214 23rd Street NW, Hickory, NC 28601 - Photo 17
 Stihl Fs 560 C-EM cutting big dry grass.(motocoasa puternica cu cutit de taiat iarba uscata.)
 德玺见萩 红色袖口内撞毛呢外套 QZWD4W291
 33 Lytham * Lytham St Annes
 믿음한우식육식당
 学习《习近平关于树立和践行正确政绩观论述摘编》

——

- _Task details_: Copy each line of the material exactly as shown.

- _Finished exercise_:
214 23rd Street NW, Hickory, NC 28601 - Photo 17
 Stihl Fs 560 C-EM cutting big dry grass.(motocoasa puternica cu cutit de taiat iarba uscata.)
 德玺见萩 红色袖口内撞毛呢外套 QZWD4W291
 33 Lytham * Lytham St Annes
 믿음한우식육식당
 学习《习近平关于树立和践行正确政绩观论述摘编》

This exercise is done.